By now it’s cliche to say that “no one thought it could be done,” but when it comes to Wellington’s work, it’s just about true. Skaneateles has never been a hotbed of Finger Lakes viticulture. The lake is shallower, so the mitigating effects aren’t as pronounced. Ripening fruit is more difficult.

Paul Wellington didn’t care about any of that. He grew up a short drive from Hobbit Hollow Vineyard. He was going to grow world-class fruit there.

And he did. Just ask Higgins of Heart & Hands Wine Company, or Morten Hallgren of Ravines, or any number of winemakers who purchased his fruit. They speak highly of Wellington’s viticultural skills, and his ingenuity.
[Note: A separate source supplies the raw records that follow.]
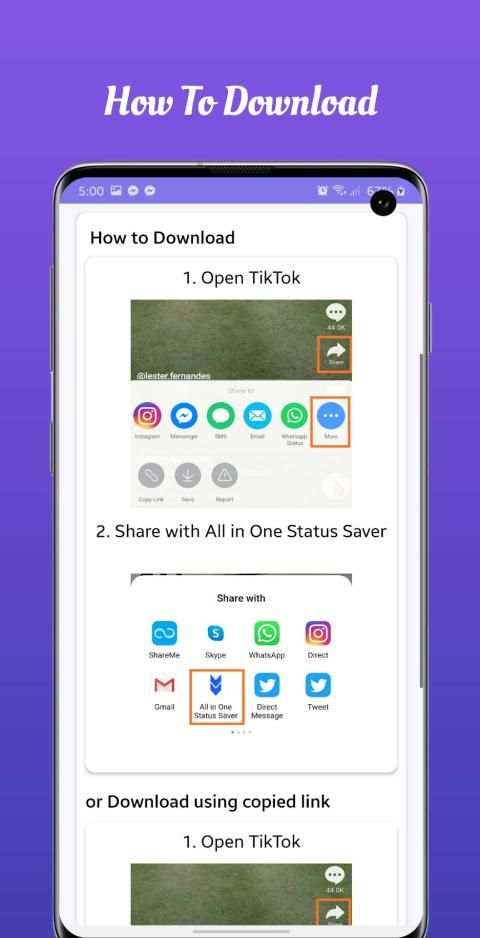 All Social media video Downloader with high speed screenshot 3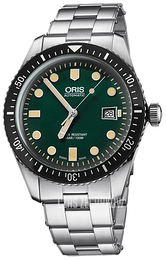 Oris Diving Zielony/Stal Ø42 mm 01 733 7720 4057-07 8 21 18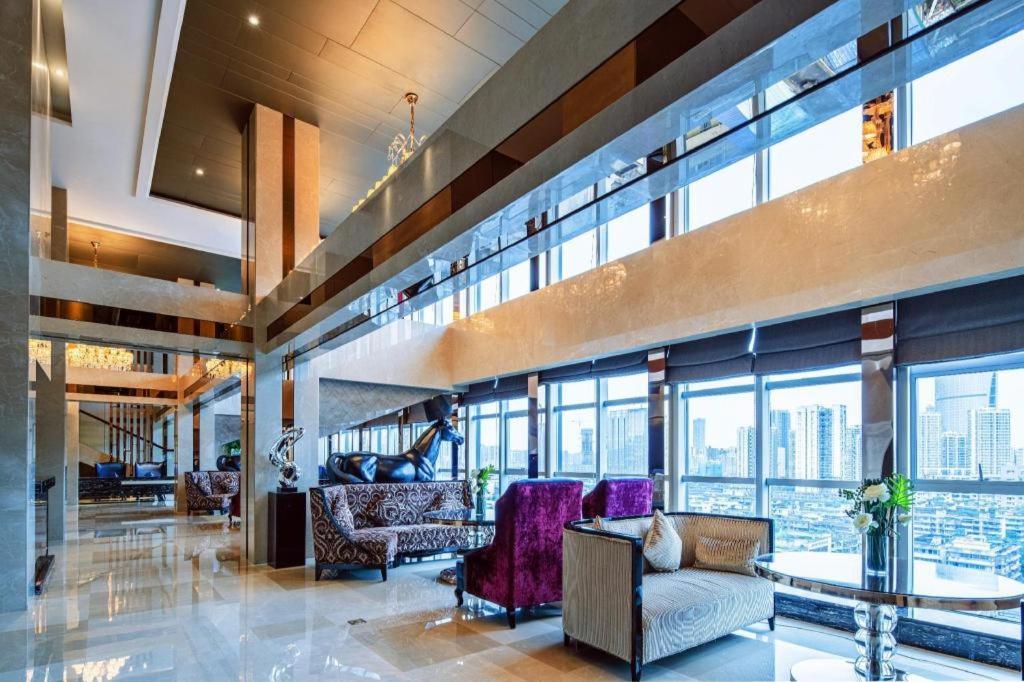 Chengdu Rising Butterfly Hotel Extérieur photo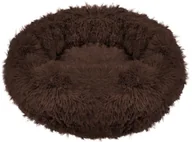 Legowiska dla kotów - Legowisko dla kota 70cm, pluszowe posłanie dla kota brązowy PA0142(1) - miniaturka - grafika 1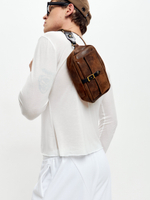 Лонгслив из тонкого трикотажа белый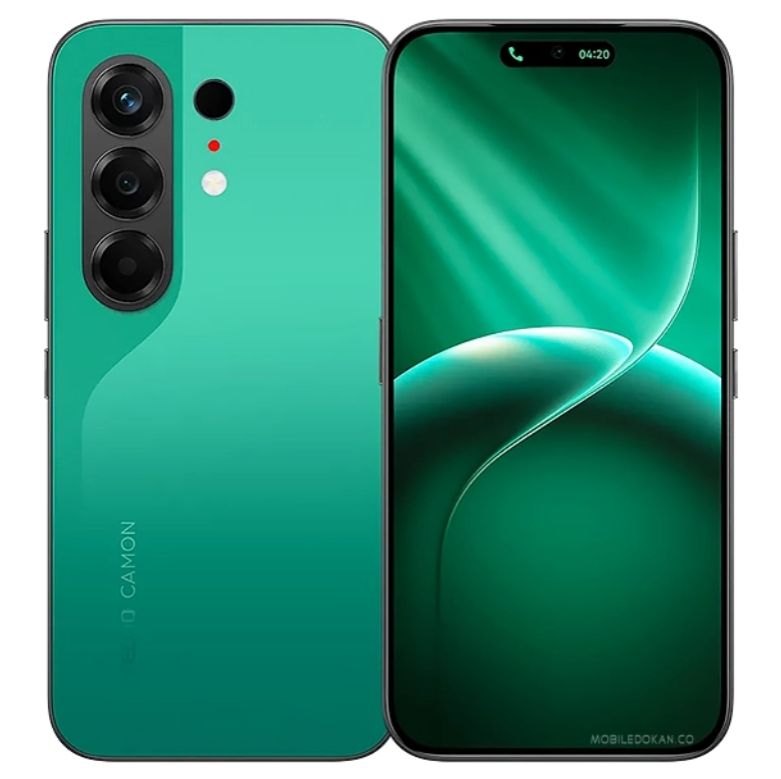 [New Arrival 🔥🔥] TECNO Camon 50 256GB+16(8+8)GB On-Screen Fingerprint 6.78" 144Hz AMOLED Display Dual SIM (50+8)MP Camera 6150mAh Battery 45W Charging IP68/69K Smart AI Android 16 Smartphone
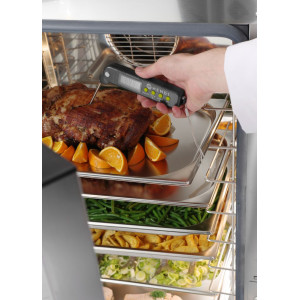 Termometar s preklopnom sondom - HENDI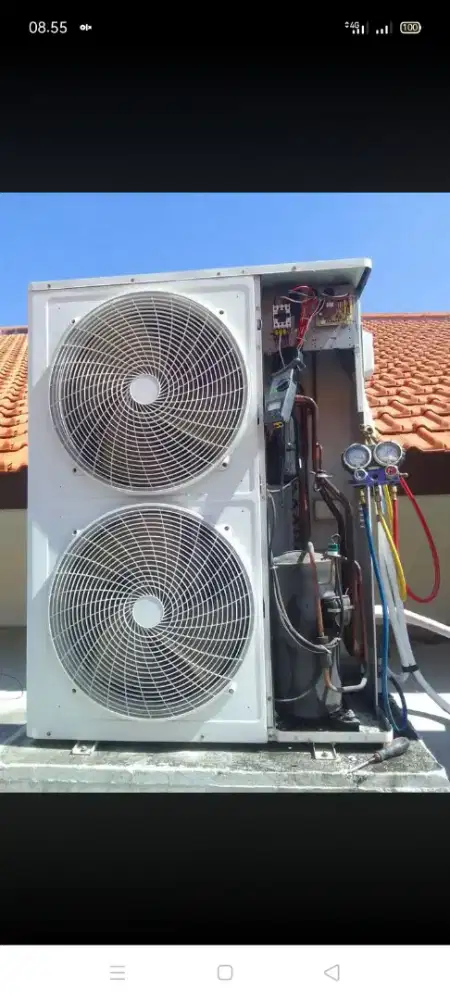 Jasa servis AC kulkas mesin cuci kompa air dll bergaransi resmi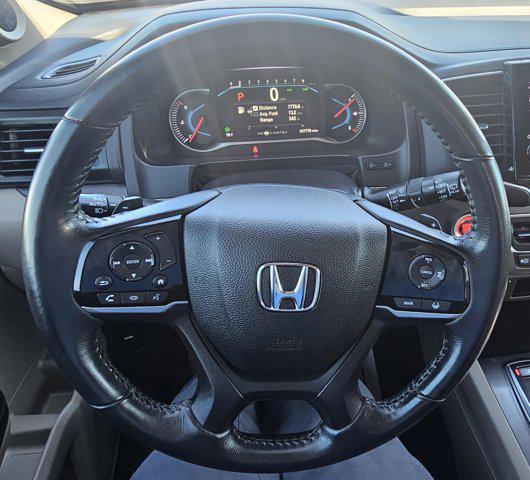 used 2022 Honda Pilot car, priced at $29,999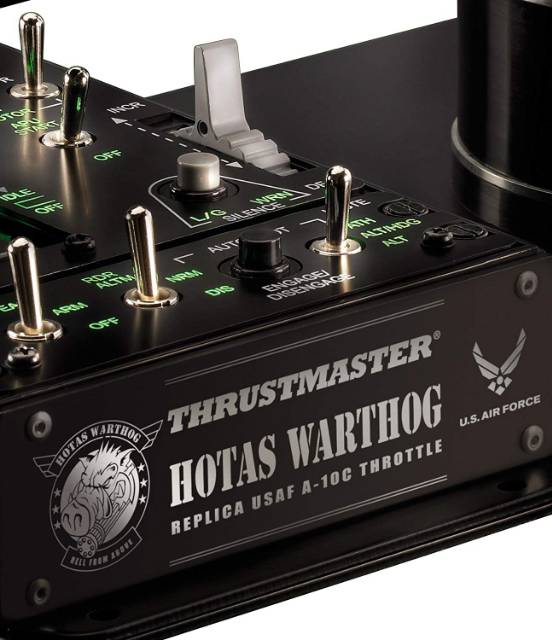 Thrustmaster Hotas Warthog For PC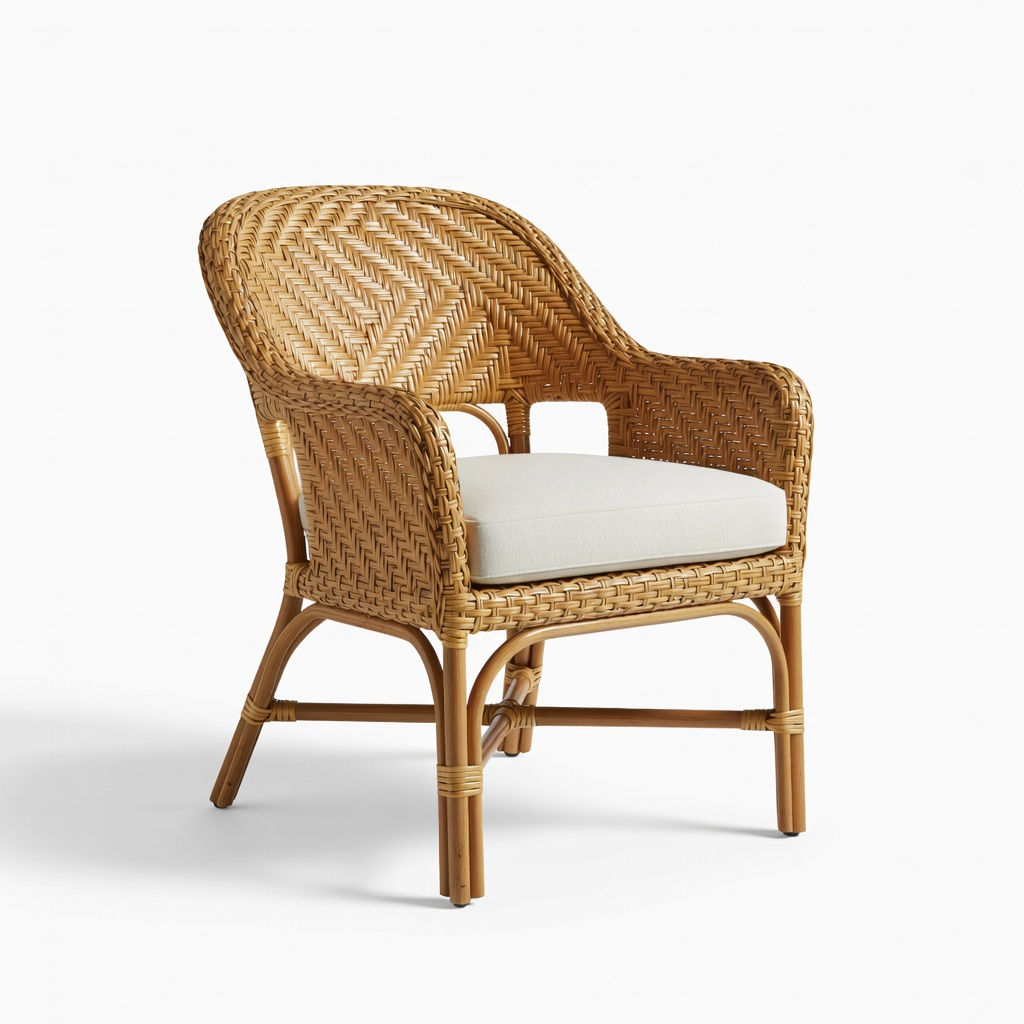 Christopher Knight Home Rattan Accent Chair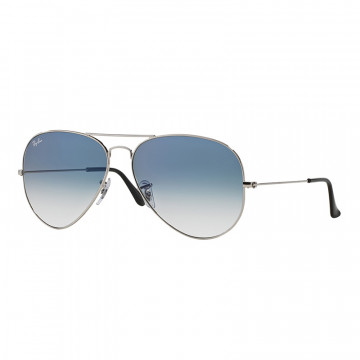 RB3025 003/3F T58 Aviator Stor Metall Kristall Gradientlampa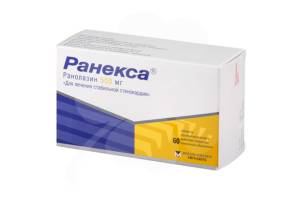 Ранекса 1000 мг таблетки №60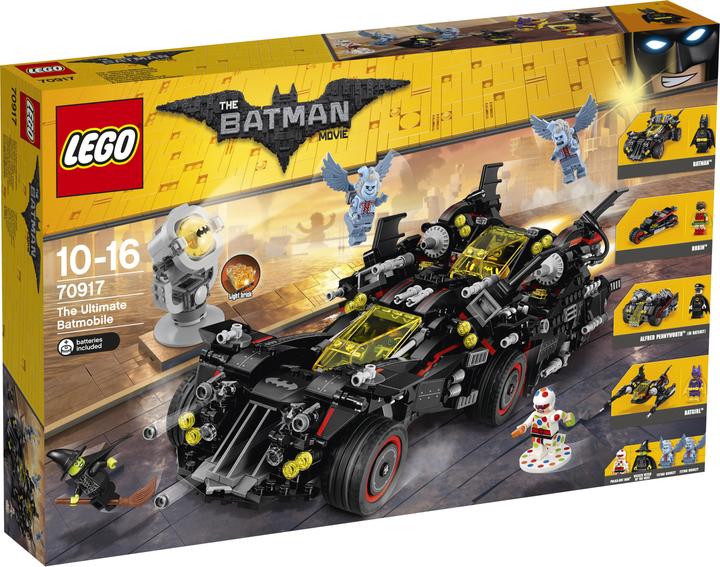 Immagine prodotto LEGO Batman Movie La Batmobile definitiva (70917, LEGO DC)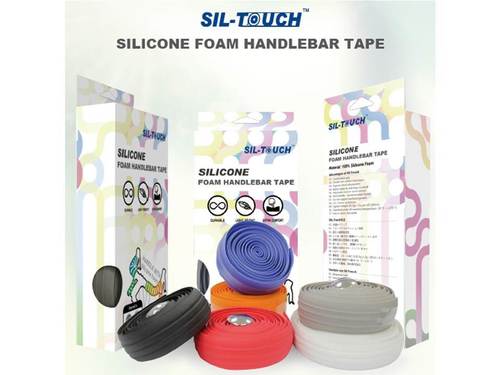 Sil-Touch 100% Silicone Foam Handlebar Tape By PadsCure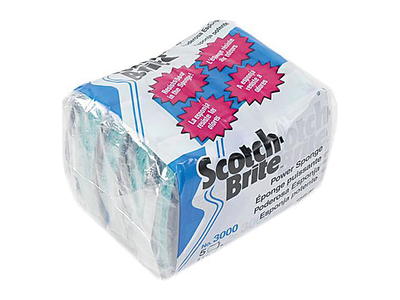 Scotch-Brite Zero Scratch Scrub Sponge (3-Pack) MP-3-8-D - The Home Depot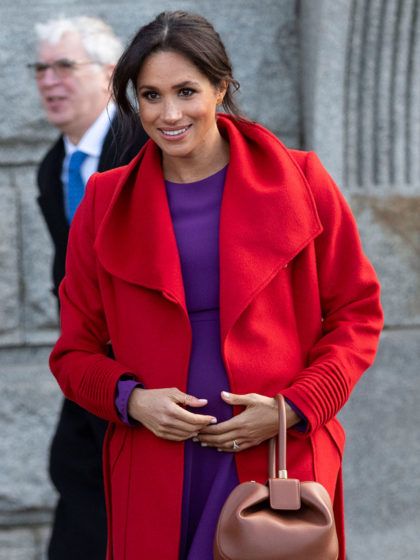 Grazie, Meghan! Non avevamo mai pensato a questa combinazione di colori chic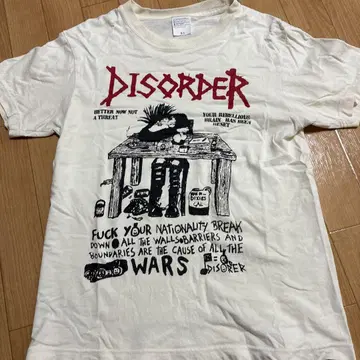 DISORDER 셔츠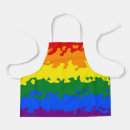 Search for rainbow flag aprons Queer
“Paul rigged up a way of dumping the picking lugs on an elevator on a wagon, and filling the bins,” Higgins said. “This saved the always uncomfortable exchange between the person on the ground and the person in the moving wagon. You should really see it.”

Higgins was one of the first to proudly stamp the Hobbit Hollow name on his bottles of pinot noir, raving about Wellington’s vineyard management. But Higgins always raved about Wellington’s character first. “He was a truly wonderful man. I remember one day I was discussing with Paul how I was going to be finishing out the planting of our pinot in the upper block with a shovel. The next day, he drops off his water wand planter — it was a tank on a trailer with a pressure washer and a metal rod to create the perfect hole for planting. I never knew it existed, and he never told me he was going to be dropping it off. He just that kind of guy.”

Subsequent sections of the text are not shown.